- **Record extracts**

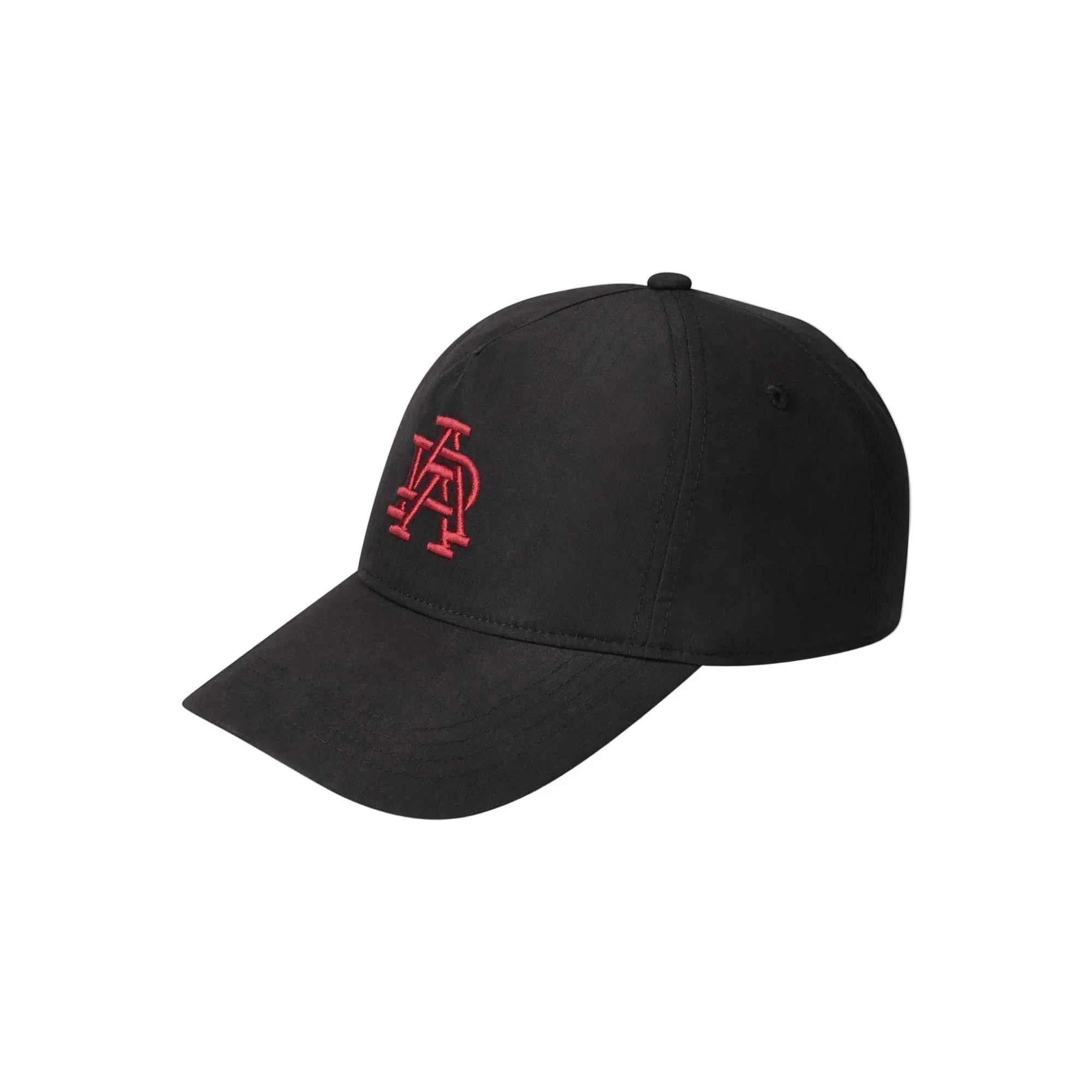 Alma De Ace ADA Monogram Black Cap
--
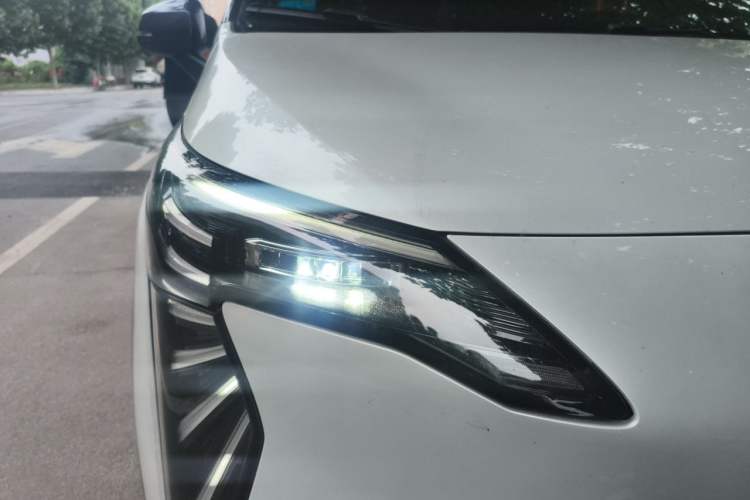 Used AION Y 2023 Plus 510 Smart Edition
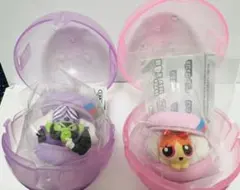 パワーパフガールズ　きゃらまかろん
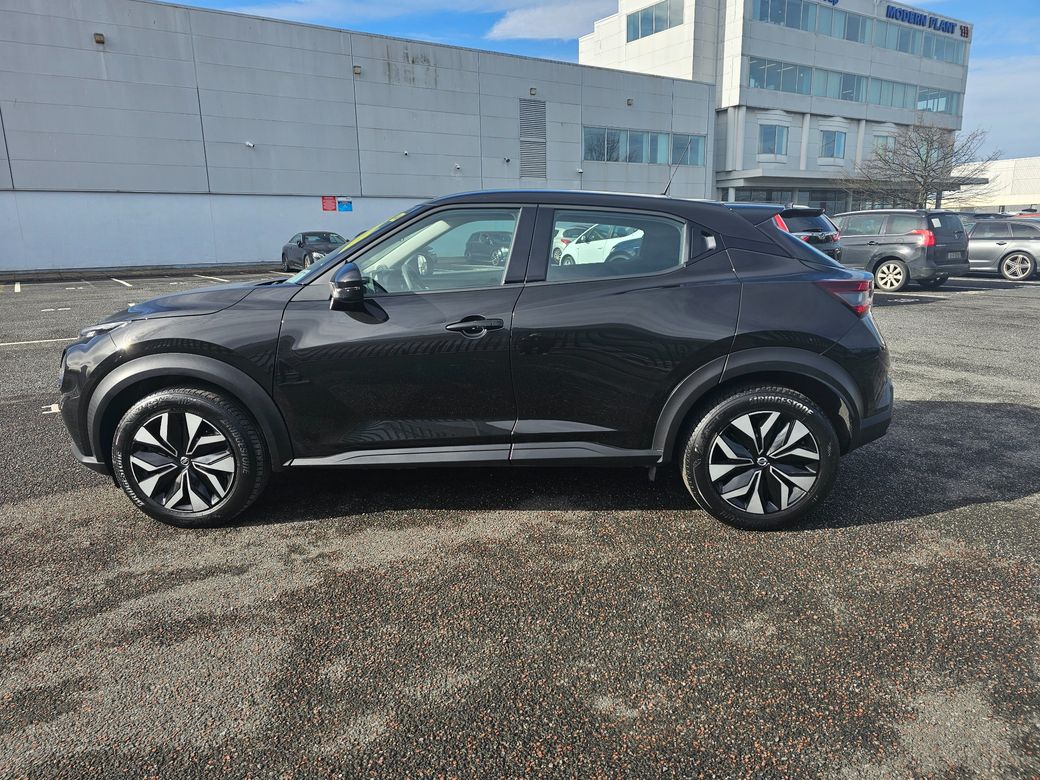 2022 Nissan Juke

- **What to do**
With the pictures omitted, restate word for word the lines above from the line that has "Used AION Y 2023 Plus 510 Smart Edition" up to and including the line that has "2022 Nissan Juke", and no other lines.

- **Answer section**
 Used AION Y 2023 Plus 510 Smart Edition
 パワーパフガールズ　きゃらまかろん
 2022 Nissan Juke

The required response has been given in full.